Пафос кантовского ответа Юму сводится, таким образом, к защите лишь внешнего престижа научного знания. В том, что наше познание ограничено рамками субъективности, согласно сходятся оба; ни три способа соединения представлений у Юма (подобие, пространственно-временное соотношение, причинность), ни подведение представлений под единство апперцепции у Канта никоим образом не выражают внутренней связи в самих вещах. Познание всецело субъективно; разница между Юмом и Кантом состоит лишь в том, что первый настаивает на эмпирически субъективном характере познания, а второй подчеркивает трансцендентально субъективную значимость его. Гёте отклоняет как первый, так и второй ответ.

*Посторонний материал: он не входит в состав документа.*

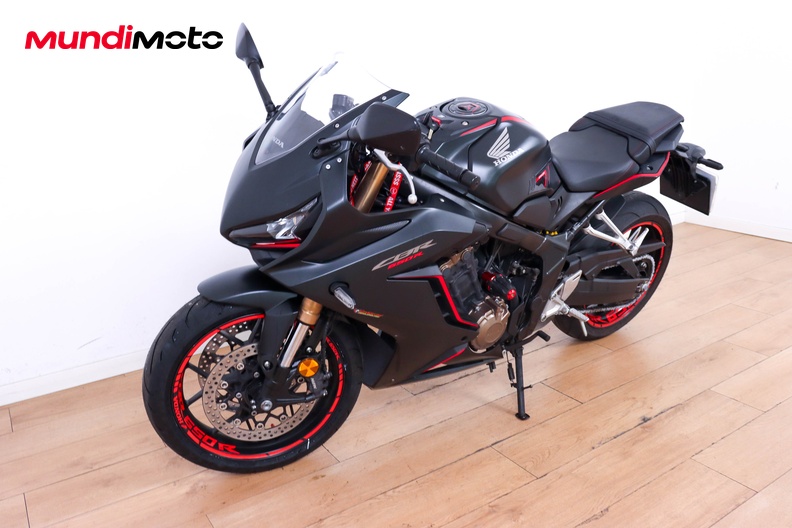 Motorbike image 7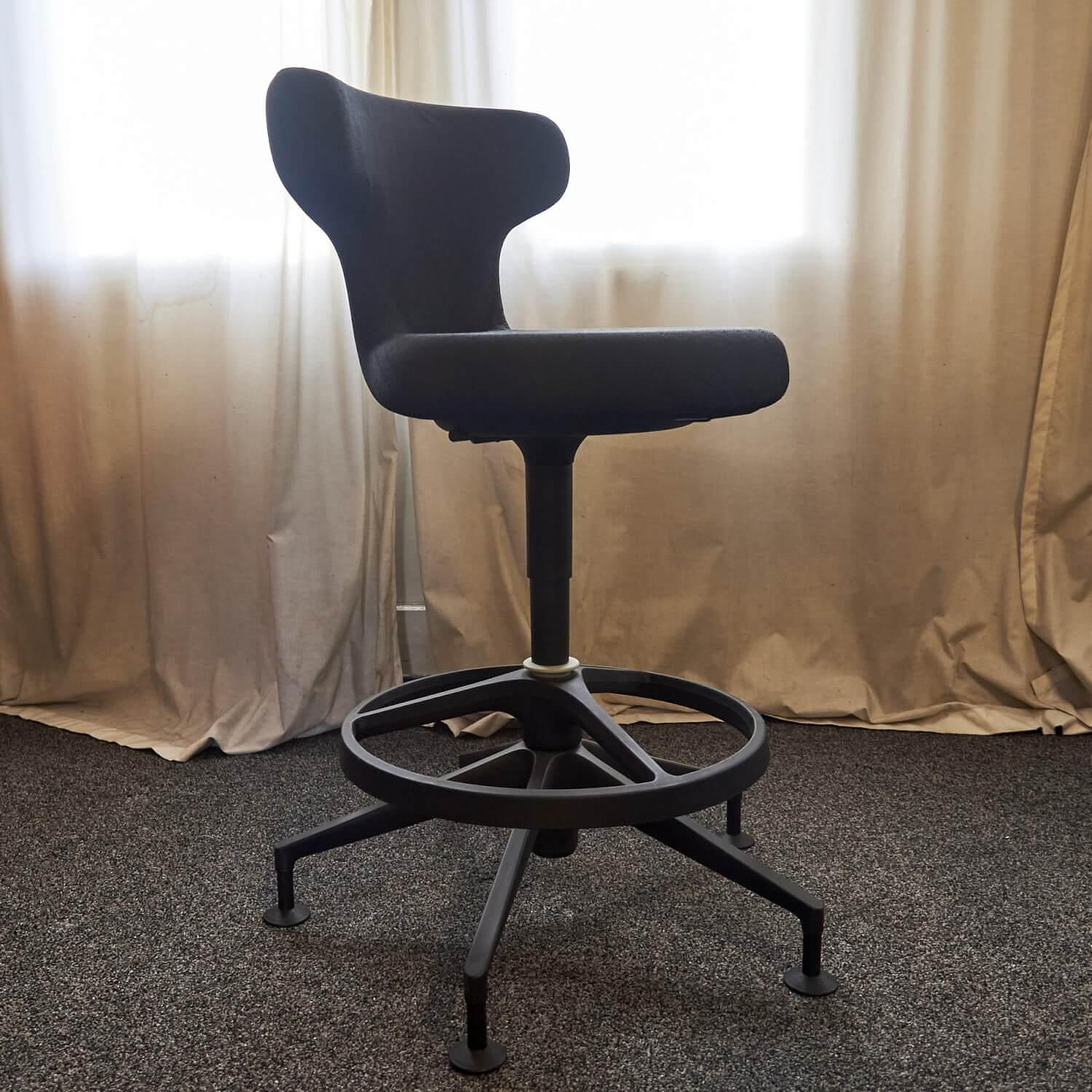 Vitra Pivot Barhocker Stoff Schwarz Aluminium poliert 2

Для того, чтобы в полной мере осознать всю оригинальность ответа самого Гёте, позволительно сравнить его с господствующими в то время философскими тенденциями. Схематически ситуацию можно передать в следующем ряде: догматический идеализм (Вольф) — скептический эмпиризм (Юм) — критический идеализм (Кант). Вольф утверждает внеопытное познание сущего. Юм противопоставляет этому утверждению абсолютность опыта при полной дискредитации мысли. Кант переносит проблему в середину обеих крайностей; у Вольфа он заимствует априорность, отбрасывая ее транссубъективные претензии, у Юма же берет опыт, урезанный в притязаниях на абсолютность. Ответ Канта: истина в опыте, но опыт обусловлен внеопытным. Или иначе: мы познаем априорно (уступка Вольфу), но познаем не сущее (критика Вольфа), а собственный субъективный опыт (уступка Юму), который, однако, не случаен (критика Юма), а предопределен априори (выход к Копернику). Пассаж, что и говорить, виртуозный, но за блеском техники какие печальные сюрпризы! Неокантианцам предстояла адская работа очищения этой техники от губительных ляпсусов. Уже современников (Шульце-Энезидем, Якоби) поражали они; уже возмущенный Фихте перенес проблему из сферы гносеологии в сферу... френологии, объясняя «конвульсивное доказательство реальности вещи в себе» (меткое выражение Лааса) неполноценностью черепа философа («Dreiviertelkopf» — «головой на три четверти» — увиделся ему автор «Критики чистого разума»). Уже Гегель негодующе спрашивал: «А что такое опыт для Канта? Это — не что иное, как подсвечник, стоящий вот здесь, и табакерка, лежащая вон там». И еще предстояло школе Когена раскладывать труднейший пасьянс: очищать Гегеля Кантом и после очищать Канта Гегелем, но уже очищенным... Кантом. «Больше, — говорит Гёте, — мне рассказывать не о чем; вы видите, что над немцами спокон веков тяготеет проклятие — жить в киммерийских ночах умозрения».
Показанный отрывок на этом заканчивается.